■ EXERCISE ■
Write out the entries, please, from the line containing "Volkswagen ID.3 59" through their final line, exactly and with nothing else.

■ MATERIALS PROVIDED ■
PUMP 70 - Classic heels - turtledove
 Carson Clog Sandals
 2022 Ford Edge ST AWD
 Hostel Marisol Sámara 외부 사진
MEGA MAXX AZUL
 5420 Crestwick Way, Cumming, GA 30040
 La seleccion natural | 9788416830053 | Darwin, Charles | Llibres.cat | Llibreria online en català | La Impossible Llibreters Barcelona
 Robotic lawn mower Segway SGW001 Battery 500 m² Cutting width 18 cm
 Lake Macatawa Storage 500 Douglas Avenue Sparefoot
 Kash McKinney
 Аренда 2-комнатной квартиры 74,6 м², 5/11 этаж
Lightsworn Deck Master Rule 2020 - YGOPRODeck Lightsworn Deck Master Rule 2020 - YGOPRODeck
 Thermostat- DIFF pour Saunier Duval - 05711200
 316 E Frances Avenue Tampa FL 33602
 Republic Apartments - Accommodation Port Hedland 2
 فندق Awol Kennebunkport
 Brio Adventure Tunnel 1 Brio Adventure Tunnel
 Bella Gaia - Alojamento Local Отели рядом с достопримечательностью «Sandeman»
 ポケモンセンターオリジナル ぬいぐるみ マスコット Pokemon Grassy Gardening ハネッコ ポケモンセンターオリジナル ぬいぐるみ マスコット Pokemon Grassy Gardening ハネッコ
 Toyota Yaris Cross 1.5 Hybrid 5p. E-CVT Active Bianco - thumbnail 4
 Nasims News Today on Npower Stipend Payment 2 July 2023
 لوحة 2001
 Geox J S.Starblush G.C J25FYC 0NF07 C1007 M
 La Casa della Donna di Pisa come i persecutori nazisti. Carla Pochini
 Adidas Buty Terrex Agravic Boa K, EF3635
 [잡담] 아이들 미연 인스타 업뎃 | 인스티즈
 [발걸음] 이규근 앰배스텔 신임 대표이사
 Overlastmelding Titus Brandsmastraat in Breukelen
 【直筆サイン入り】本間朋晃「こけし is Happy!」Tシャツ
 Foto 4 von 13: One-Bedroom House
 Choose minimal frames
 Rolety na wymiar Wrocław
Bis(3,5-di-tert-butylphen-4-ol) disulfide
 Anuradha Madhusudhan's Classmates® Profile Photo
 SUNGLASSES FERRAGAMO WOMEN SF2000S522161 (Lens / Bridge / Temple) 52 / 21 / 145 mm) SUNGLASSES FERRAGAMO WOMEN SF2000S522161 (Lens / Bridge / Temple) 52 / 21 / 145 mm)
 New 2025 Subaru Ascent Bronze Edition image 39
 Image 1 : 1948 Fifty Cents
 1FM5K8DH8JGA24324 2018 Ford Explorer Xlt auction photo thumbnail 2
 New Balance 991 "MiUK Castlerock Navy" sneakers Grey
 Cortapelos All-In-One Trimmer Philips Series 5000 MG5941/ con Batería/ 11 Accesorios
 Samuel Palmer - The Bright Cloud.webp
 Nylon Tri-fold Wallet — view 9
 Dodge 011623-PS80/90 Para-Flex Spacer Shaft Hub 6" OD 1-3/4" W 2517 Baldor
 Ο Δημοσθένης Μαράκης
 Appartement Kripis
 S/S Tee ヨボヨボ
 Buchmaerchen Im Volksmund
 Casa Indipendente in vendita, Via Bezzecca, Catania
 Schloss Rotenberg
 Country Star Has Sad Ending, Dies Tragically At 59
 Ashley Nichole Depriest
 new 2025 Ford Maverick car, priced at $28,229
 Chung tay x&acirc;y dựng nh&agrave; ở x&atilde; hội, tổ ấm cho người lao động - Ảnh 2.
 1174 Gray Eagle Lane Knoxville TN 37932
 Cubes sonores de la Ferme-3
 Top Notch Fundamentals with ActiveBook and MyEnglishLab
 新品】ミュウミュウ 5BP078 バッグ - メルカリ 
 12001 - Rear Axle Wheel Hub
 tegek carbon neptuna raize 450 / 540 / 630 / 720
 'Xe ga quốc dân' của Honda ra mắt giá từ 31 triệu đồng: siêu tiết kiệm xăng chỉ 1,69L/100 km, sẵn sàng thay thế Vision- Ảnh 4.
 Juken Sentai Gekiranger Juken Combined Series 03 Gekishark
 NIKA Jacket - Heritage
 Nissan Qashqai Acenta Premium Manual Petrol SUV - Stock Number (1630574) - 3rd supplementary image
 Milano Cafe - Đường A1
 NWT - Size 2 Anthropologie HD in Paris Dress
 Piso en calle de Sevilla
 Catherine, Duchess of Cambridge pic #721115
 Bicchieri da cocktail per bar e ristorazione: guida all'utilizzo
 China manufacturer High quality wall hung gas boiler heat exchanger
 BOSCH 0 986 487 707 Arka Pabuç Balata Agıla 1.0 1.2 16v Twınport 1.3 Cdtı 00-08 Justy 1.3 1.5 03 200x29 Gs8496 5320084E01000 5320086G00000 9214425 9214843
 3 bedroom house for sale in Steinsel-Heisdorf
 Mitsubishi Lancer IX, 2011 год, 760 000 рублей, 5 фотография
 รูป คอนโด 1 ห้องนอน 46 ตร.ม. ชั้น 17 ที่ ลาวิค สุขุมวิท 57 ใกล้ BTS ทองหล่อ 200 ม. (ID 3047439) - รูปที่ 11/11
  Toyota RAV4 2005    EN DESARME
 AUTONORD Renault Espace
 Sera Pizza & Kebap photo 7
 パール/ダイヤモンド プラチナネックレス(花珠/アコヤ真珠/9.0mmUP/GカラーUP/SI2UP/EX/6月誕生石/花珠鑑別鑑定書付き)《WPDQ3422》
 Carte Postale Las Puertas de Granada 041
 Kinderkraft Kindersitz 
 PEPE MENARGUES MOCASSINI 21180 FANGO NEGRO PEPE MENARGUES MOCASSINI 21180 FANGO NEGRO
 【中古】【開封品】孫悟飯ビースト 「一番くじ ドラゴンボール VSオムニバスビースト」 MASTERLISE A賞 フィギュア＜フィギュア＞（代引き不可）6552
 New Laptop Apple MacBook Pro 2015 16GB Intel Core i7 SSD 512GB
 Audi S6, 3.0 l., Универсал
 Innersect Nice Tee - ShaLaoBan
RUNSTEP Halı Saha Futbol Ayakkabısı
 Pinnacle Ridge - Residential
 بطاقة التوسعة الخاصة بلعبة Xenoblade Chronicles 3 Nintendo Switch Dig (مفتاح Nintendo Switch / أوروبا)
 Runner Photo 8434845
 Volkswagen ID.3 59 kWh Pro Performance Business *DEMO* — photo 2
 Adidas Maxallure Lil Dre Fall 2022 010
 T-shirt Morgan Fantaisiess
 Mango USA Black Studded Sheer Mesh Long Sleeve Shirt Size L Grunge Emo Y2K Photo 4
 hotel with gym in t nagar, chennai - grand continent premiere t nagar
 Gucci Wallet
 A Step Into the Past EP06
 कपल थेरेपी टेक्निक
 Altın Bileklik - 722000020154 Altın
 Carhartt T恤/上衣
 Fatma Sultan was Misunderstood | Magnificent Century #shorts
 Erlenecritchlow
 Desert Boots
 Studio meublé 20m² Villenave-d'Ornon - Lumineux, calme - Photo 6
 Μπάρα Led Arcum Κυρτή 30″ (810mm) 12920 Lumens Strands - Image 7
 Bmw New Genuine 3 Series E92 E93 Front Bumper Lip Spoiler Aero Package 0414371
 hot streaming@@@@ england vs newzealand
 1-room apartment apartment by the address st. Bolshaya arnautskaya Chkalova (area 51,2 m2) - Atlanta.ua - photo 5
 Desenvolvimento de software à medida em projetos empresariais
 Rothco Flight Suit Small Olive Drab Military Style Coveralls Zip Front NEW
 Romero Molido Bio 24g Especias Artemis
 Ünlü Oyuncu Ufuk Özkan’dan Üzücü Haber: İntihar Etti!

■ RESPONSE TO THE EXERCISE ■
 Volkswagen ID.3 59 kWh Pro Performance Business *DEMO* — photo 2
 Adidas Maxallure Lil Dre Fall 2022 010
 T-shirt Morgan Fantaisiess
 Mango USA Black Studded Sheer Mesh Long Sleeve Shirt Size L Grunge Emo Y2K Photo 4
 hotel with gym in t nagar, chennai - grand continent premiere t nagar
 Gucci Wallet
 A Step Into the Past EP06
 कपल थेरेपी टेक्निक
 Altın Bileklik - 722000020154 Altın
 Carhartt T恤/上衣
 Fatma Sultan was Misunderstood | Magnificent Century #shorts
 Erlenecritchlow
 Desert Boots
 Studio meublé 20m² Villenave-d'Ornon - Lumineux, calme - Photo 6
 Μπάρα Led Arcum Κυρτή 30″ (810mm) 12920 Lumens Strands - Image 7
 Bmw New Genuine 3 Series E92 E93 Front Bumper Lip Spoiler Aero Package 0414371
 hot streaming@@@@ england vs newzealand
 1-room apartment apartment by the address st. Bolshaya arnautskaya Chkalova (area 51,2 m2) - Atlanta.ua - photo 5
 Desenvolvimento de software à medida em projetos empresariais
 Rothco Flight Suit Small Olive Drab Military Style Coveralls Zip Front NEW
 Romero Molido Bio 24g Especias Artemis
 Ünlü Oyuncu Ufuk Özkan’dan Üzücü Haber: İntihar Etti!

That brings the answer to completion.